Top of Given material

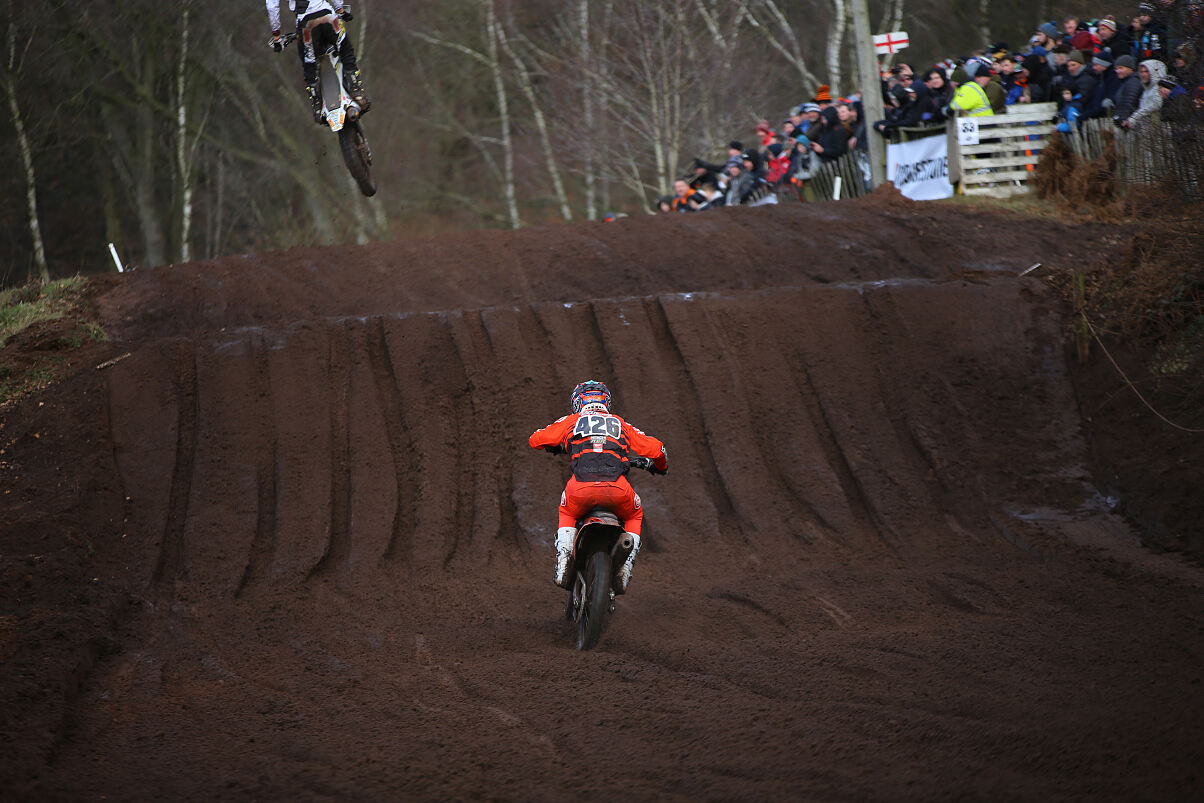 Hawkstone Mewse 2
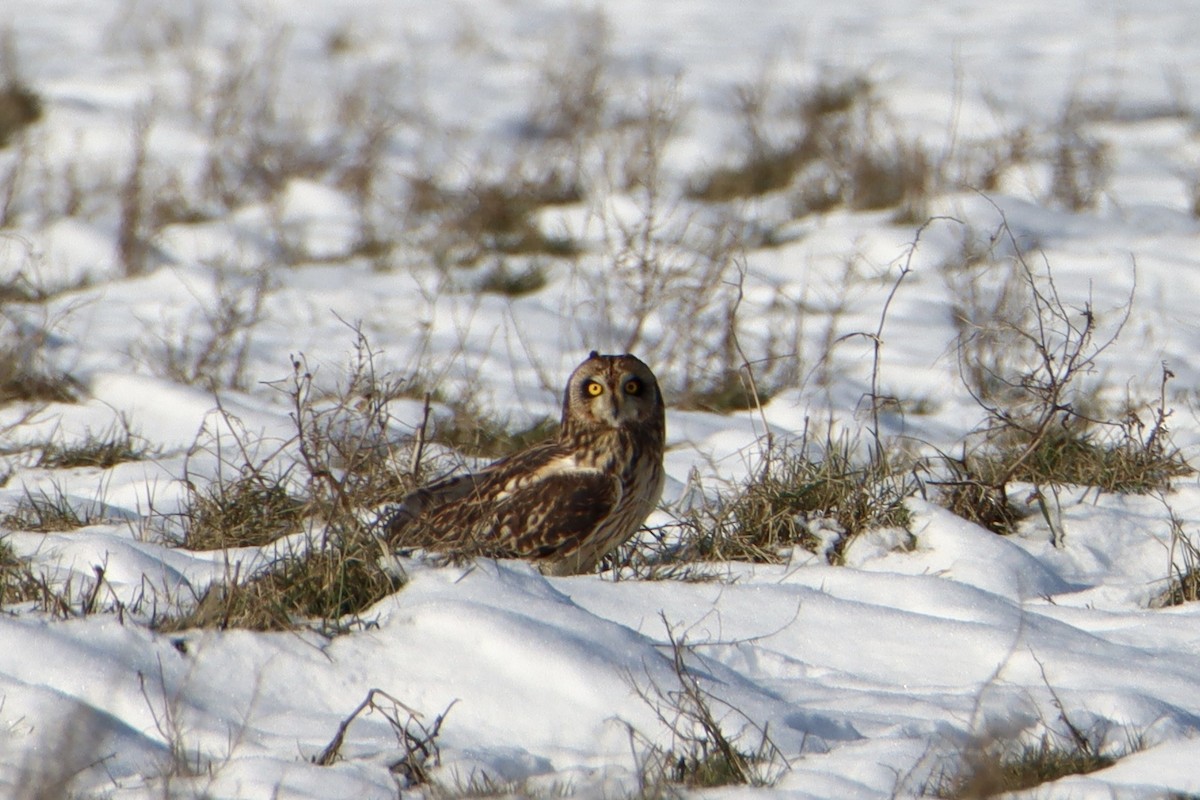Short-eared Owl - ML630845900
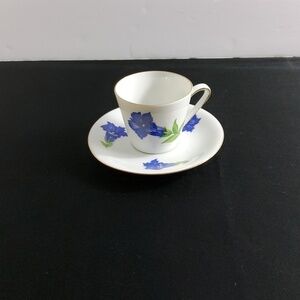 Bavaria Germany Teacup & Saucer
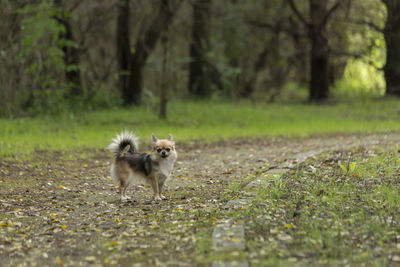 Dog in a field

Bottom of Given material

> [Exercise aim]: Leave the pictures out and output all of the data verbatim.

> [Exercise result]:
 Hawkstone Mewse 2
Short-eared Owl - ML630845900
 Bavaria Germany Teacup & Saucer
 Dog in a field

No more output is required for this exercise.